*** Begin section ***

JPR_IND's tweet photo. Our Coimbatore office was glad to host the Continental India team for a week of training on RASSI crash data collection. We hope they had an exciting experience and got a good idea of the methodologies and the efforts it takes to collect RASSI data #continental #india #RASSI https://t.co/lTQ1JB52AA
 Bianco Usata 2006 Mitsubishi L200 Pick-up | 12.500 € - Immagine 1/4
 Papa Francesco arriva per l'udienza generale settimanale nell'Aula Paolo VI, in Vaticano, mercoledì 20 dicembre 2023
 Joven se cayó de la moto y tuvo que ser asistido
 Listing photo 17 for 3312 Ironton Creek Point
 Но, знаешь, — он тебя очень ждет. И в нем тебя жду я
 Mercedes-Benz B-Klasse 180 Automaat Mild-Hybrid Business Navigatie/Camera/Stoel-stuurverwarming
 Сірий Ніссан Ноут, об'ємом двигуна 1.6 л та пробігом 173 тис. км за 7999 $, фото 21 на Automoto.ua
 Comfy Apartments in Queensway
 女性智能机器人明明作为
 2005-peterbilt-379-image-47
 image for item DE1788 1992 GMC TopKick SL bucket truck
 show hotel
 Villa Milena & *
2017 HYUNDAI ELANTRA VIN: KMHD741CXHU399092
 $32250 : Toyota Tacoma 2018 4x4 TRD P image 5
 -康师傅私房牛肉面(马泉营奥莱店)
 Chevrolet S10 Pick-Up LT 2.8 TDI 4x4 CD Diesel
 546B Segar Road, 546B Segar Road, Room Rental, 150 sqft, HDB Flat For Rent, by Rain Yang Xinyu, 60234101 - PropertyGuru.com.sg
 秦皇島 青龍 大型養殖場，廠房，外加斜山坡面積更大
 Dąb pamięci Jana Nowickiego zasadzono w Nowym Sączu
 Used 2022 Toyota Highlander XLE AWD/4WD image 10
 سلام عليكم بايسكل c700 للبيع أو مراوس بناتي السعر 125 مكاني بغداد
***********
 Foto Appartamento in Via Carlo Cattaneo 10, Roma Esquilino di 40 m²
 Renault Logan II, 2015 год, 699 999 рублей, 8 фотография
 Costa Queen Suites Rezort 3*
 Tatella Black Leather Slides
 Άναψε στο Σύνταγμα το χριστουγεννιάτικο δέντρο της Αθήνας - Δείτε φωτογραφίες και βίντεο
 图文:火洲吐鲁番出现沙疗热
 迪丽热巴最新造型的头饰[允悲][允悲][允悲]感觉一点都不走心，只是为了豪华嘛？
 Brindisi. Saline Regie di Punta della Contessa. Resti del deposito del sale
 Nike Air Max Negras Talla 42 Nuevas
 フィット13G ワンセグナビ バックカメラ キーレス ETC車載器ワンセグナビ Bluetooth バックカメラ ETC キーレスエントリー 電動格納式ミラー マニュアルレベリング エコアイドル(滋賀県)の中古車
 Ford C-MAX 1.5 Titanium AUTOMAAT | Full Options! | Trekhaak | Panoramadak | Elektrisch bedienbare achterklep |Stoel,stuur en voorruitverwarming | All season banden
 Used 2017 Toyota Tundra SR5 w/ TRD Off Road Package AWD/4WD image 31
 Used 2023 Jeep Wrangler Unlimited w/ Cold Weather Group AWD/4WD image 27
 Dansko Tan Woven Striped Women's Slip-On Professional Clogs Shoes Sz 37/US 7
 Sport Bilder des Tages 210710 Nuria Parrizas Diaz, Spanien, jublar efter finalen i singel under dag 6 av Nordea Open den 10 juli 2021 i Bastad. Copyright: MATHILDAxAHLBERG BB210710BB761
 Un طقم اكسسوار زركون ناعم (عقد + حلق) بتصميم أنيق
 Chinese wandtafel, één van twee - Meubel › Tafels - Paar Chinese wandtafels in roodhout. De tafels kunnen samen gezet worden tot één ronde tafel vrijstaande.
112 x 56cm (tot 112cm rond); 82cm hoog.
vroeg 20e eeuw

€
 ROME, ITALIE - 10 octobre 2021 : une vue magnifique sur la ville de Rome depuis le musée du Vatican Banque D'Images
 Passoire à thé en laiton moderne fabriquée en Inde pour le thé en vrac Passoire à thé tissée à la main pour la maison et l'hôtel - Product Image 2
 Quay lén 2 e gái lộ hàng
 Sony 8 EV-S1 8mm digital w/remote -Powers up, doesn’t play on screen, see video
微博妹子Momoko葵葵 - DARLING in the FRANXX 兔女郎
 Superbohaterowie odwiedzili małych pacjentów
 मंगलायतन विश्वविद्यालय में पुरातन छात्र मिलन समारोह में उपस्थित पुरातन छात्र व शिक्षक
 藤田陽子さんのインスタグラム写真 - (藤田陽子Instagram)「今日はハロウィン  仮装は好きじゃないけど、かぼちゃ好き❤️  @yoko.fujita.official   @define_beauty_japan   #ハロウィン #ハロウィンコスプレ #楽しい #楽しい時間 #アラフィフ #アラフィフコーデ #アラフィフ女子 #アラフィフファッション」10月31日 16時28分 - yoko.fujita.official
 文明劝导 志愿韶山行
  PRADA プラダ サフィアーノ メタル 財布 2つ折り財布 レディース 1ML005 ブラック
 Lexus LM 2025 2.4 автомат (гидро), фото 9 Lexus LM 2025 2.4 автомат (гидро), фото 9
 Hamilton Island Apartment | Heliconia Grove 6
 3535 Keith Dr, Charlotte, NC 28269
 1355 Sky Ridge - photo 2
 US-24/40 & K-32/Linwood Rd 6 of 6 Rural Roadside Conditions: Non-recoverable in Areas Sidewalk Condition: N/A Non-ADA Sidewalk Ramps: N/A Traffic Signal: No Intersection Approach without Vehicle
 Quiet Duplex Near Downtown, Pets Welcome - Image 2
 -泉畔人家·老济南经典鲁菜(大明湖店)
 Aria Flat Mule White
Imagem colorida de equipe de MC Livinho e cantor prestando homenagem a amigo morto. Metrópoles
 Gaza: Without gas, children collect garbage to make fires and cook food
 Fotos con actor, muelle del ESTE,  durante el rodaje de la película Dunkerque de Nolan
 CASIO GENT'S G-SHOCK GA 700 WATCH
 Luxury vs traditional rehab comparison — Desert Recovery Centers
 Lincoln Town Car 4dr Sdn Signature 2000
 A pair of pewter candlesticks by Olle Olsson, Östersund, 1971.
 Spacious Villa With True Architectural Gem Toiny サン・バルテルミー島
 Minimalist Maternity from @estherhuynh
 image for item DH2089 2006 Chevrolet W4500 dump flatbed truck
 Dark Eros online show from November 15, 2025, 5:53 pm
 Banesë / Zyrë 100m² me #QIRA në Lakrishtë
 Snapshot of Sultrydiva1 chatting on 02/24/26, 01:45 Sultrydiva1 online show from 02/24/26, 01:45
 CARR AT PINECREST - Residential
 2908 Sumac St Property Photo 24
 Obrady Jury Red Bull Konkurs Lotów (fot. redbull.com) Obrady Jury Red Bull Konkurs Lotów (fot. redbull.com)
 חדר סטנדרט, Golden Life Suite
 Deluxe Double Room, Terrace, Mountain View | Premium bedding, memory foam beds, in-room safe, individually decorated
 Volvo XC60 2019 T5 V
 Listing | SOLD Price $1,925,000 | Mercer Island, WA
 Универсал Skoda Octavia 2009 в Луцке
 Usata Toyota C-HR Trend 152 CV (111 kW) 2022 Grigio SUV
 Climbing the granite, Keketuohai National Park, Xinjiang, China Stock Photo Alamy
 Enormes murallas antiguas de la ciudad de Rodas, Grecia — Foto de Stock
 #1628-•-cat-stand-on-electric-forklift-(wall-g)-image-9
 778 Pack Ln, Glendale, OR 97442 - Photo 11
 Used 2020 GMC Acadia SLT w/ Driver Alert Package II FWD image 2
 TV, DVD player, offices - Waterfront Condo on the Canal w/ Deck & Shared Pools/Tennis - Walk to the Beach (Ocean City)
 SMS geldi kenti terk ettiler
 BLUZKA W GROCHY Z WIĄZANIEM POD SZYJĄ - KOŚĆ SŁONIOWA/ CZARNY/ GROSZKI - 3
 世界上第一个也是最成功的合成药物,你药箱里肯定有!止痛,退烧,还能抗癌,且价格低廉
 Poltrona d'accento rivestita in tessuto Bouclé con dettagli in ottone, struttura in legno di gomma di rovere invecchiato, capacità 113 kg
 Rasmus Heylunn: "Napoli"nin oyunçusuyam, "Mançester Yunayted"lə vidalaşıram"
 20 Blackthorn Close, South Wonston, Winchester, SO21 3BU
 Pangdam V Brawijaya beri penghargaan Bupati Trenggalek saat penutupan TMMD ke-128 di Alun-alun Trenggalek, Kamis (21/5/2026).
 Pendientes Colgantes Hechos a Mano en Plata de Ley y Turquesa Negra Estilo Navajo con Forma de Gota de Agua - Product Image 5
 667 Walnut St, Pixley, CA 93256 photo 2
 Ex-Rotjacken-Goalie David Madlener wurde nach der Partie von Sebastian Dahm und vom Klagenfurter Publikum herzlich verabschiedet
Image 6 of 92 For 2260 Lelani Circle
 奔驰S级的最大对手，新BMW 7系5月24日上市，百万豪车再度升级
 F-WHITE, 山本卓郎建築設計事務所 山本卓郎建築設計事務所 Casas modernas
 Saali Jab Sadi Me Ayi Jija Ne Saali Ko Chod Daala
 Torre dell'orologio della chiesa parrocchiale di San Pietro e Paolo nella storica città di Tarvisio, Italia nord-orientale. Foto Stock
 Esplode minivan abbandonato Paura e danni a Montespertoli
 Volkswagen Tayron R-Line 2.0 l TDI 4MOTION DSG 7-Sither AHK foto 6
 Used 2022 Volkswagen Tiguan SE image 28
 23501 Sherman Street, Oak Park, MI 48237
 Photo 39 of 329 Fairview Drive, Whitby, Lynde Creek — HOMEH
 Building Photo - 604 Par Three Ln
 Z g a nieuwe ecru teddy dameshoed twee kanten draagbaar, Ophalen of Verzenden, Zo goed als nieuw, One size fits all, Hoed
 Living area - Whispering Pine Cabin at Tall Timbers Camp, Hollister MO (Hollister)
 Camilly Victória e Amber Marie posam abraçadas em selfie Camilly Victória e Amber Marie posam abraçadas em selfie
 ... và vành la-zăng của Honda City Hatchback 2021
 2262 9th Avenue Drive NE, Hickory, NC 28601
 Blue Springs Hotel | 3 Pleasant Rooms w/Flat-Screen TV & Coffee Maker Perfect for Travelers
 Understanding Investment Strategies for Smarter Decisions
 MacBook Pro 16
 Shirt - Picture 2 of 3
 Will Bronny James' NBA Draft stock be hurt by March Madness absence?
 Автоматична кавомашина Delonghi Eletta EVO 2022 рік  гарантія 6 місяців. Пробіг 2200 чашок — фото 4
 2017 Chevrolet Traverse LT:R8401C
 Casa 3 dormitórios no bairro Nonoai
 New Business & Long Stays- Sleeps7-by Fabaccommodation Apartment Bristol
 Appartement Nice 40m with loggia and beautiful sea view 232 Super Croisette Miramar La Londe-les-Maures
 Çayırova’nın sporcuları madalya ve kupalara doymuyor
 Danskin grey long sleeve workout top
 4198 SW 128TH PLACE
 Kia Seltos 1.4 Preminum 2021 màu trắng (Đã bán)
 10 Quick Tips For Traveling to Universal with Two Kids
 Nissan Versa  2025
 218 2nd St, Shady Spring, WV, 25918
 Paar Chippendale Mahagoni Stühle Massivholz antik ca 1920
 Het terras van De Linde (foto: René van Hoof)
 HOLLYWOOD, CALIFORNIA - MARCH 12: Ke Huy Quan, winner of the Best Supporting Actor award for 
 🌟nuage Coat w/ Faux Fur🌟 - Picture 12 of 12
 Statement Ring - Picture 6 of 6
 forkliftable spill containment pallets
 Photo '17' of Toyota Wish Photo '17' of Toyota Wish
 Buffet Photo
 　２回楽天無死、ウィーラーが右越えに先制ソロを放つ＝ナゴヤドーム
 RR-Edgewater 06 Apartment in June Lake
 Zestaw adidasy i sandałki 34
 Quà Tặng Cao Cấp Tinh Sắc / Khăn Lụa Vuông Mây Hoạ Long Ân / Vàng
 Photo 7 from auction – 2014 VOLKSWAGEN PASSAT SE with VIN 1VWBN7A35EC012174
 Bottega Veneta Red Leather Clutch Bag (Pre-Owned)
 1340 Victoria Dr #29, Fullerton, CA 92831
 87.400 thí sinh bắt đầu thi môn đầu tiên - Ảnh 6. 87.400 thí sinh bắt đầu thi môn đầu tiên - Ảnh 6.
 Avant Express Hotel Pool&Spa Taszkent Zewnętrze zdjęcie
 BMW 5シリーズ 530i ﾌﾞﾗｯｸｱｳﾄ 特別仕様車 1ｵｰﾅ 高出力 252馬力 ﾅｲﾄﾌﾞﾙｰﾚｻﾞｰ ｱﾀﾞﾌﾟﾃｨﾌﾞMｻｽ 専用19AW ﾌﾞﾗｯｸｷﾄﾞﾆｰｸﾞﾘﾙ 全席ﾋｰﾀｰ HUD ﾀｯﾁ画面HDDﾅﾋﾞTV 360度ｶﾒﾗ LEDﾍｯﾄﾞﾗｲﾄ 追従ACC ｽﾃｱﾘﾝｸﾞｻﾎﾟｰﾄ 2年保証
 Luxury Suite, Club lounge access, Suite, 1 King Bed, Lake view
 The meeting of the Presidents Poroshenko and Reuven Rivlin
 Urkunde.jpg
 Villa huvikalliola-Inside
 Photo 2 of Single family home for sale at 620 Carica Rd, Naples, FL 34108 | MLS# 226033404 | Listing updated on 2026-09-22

*** End section ***

> What to work on:
Scan the material above for the word "online", and copy every line in which it is found.

> Task output:
 Dark Eros online show from November 15, 2025, 5:53 pm
 Snapshot of Sultrydiva1 chatting on 02/24/26, 01:45 Sultrydiva1 online show from 02/24/26, 01:45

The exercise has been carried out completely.